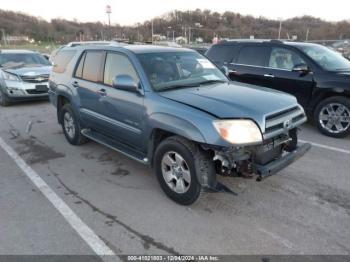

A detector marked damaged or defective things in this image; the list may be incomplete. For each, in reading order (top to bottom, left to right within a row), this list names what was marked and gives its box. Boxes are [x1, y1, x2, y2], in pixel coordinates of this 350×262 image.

damaged front bumper [252, 142, 312, 181]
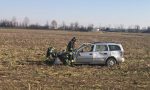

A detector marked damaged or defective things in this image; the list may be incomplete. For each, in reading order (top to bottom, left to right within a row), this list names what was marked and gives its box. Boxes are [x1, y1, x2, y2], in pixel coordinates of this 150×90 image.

damaged vehicle [46, 41, 125, 66]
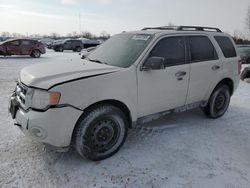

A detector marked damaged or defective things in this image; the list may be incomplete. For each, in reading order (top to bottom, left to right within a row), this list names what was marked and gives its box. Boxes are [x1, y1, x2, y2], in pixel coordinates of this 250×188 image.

damaged vehicle [9, 25, 240, 161]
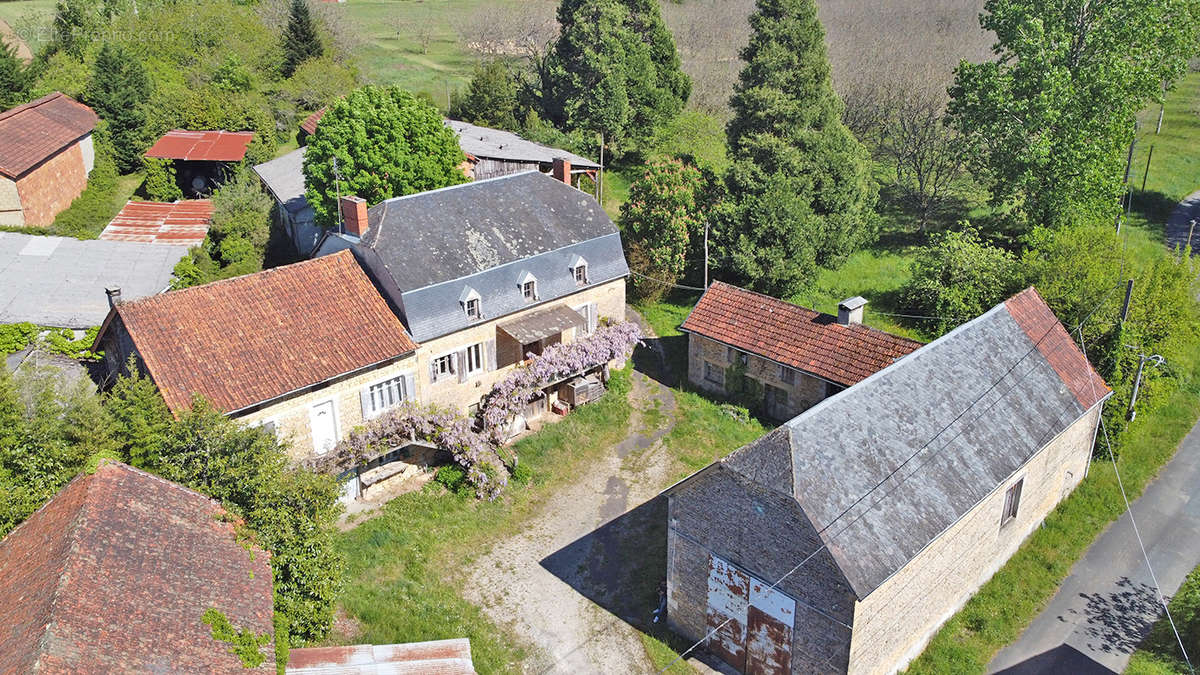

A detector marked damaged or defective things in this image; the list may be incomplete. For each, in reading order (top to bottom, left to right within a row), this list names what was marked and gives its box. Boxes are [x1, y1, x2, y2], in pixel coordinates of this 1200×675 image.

rusty metal door [705, 552, 744, 667]
rusty metal door [744, 576, 792, 667]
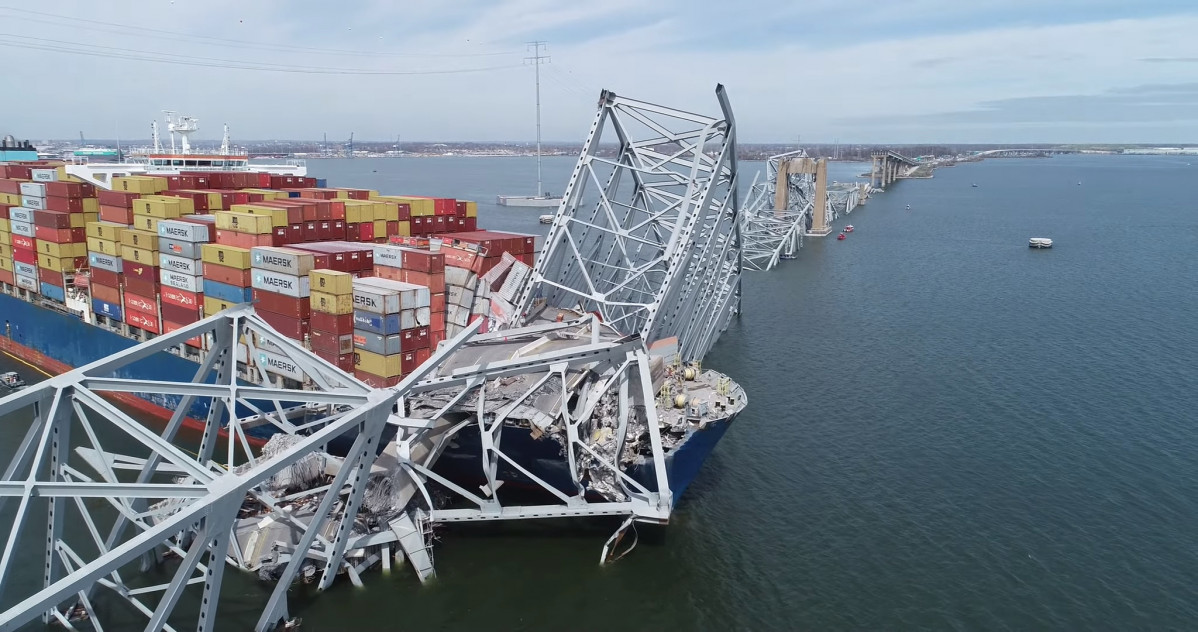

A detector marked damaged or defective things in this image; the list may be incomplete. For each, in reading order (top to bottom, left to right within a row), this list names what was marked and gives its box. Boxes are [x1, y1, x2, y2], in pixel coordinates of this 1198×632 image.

bent steel girder [515, 84, 737, 361]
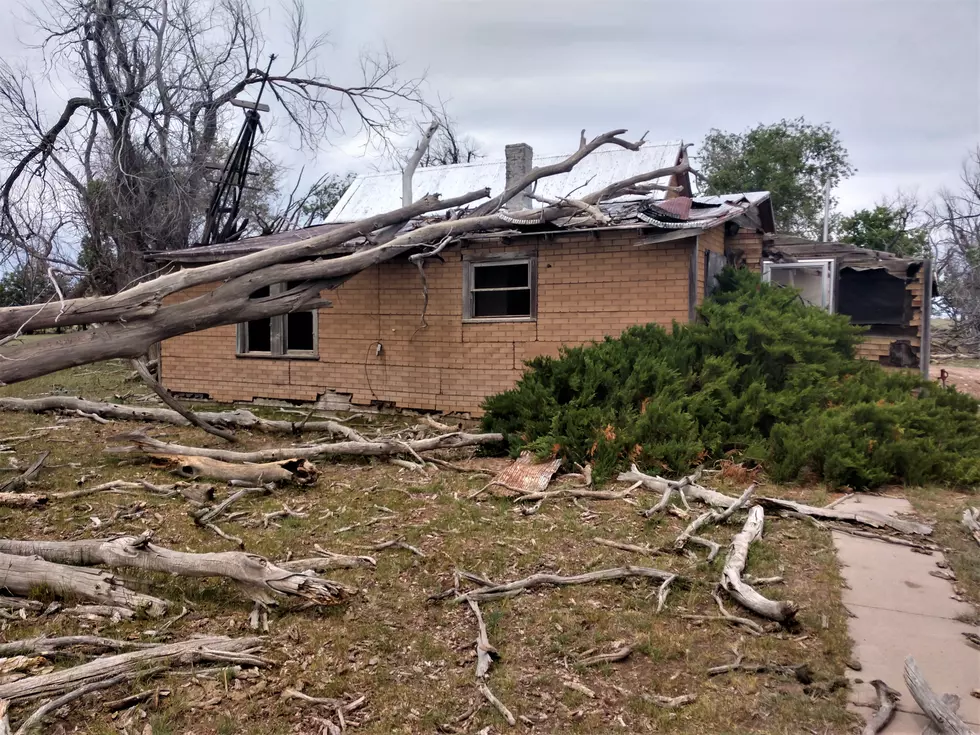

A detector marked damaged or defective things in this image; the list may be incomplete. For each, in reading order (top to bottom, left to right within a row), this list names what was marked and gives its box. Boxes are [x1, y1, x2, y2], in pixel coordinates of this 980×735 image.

_EXERCISE AIM_
Transcribe every record above exactly as written, leaving out any pictures.

_RESPONSE TO THE EXERCISE_
A detector marked damaged or defective things in this image; the list may be incomplete. For each, in reading order (top to bottom, left to right within a row), this list names what was marked and gives its box. Boxes are [x1, y1, x2, y2], in pixel coordinates of this 350×262 image.

damaged front bumper [252, 142, 312, 181]

A detector marked damaged or defective things in this image; the list may be incomplete. For each, in reading order (top to bottom, left to right within a row), this list names what was marked and gives its box. Boxes are [x1, y1, x2, y2], in pixel coordinates of this 150×90 image.

damaged vehicle [46, 41, 125, 66]

A detector marked damaged or defective things in this image; the list may be incomplete. For each, in reading order (top to bottom, left to right within a row), this list names what was marked and gives its box. Boxes are [x1, y1, x2, y2], in pixel coordinates of this 250×188 image.

damaged vehicle [9, 25, 240, 161]

A detector marked damaged or defective things in this image; the list may be incomplete. For each, in reading order (top to bottom, left to right within a row), this list names what was marked and gives its box. Boxes are [x1, y1, x2, y2], in pixel coordinates of this 1200×675 image.

rusty metal door [705, 552, 744, 667]
rusty metal door [744, 576, 792, 667]

A detector marked damaged or defective things in this image; the list may be incomplete. For each, in reading order (top to bottom, left to right within a row), this list names what was marked and gives its box. Boxes are [x1, y1, x2, y2], in pixel coordinates of this 1198×632 image.

bent steel girder [515, 84, 737, 361]

A detector marked damaged or defective things in this image; the list may be incomplete. For each, in reading order (top to bottom, left to right within a row), this list names what was marked and gives its box. Boxes are [x1, y1, x2, y2], in pixel coordinates of this 980×735 image.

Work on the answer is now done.